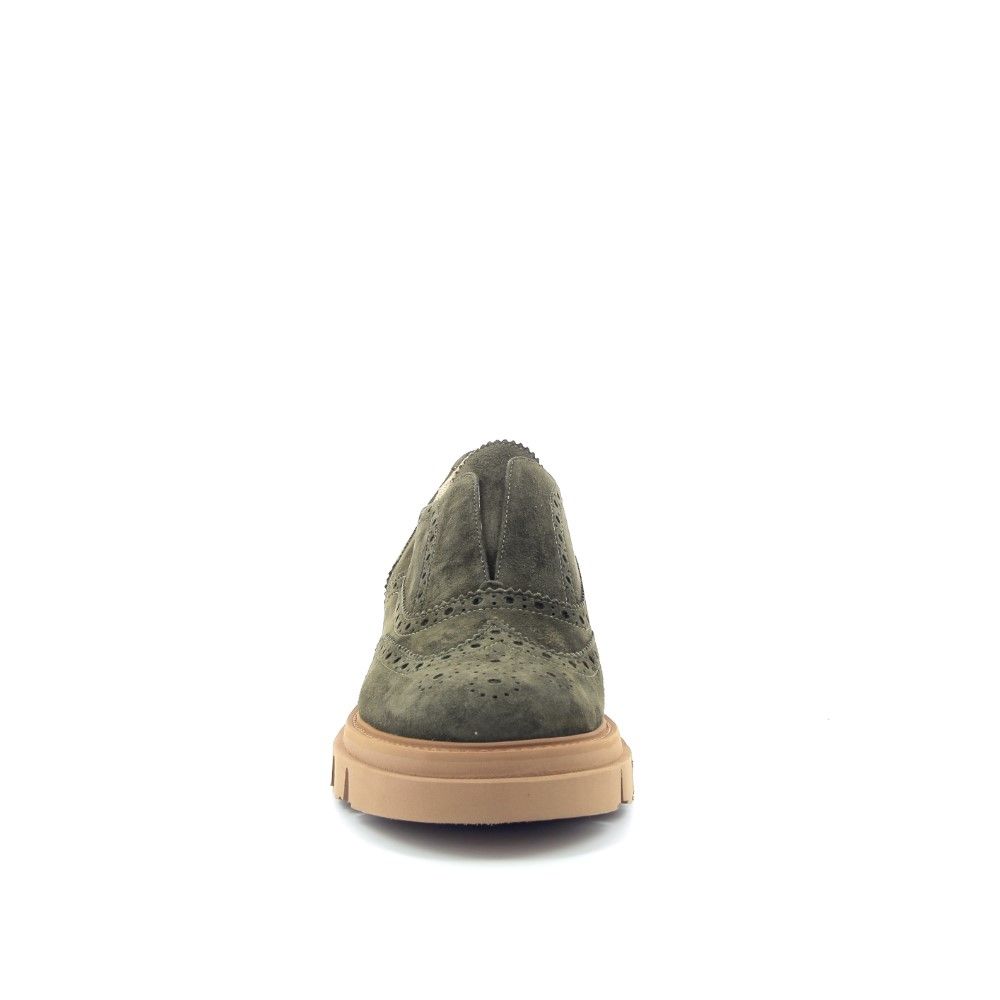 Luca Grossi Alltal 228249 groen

_ _ _ _ _ _ _

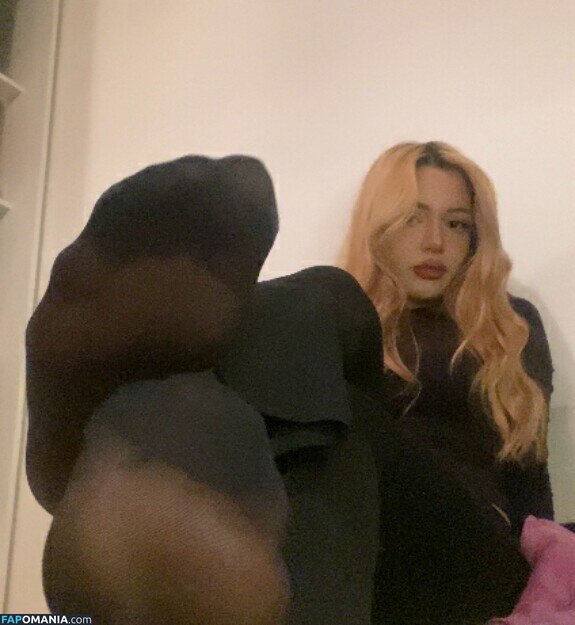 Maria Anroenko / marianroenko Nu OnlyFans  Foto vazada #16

_ _ _ _ _ _ _

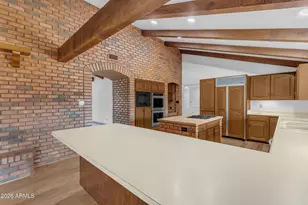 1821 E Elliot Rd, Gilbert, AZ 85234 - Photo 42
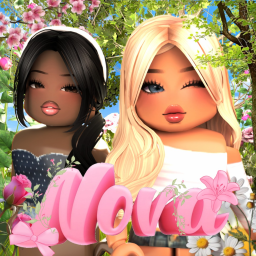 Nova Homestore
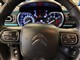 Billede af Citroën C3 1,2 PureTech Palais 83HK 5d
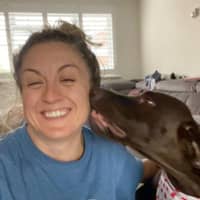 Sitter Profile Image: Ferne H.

_ _ _ _ _ _ _

## EXERCISE GOAL
From the records above, return exactly the lines running from the one that contains "Nova Homestore" down to the one that contains "Sitter Profile Image: Ferne H.", both included, without any pictures.

## TASK OUTPUT
 Nova Homestore
 Billede af Citroën C3 1,2 PureTech Palais 83HK 5d
 Sitter Profile Image: Ferne H.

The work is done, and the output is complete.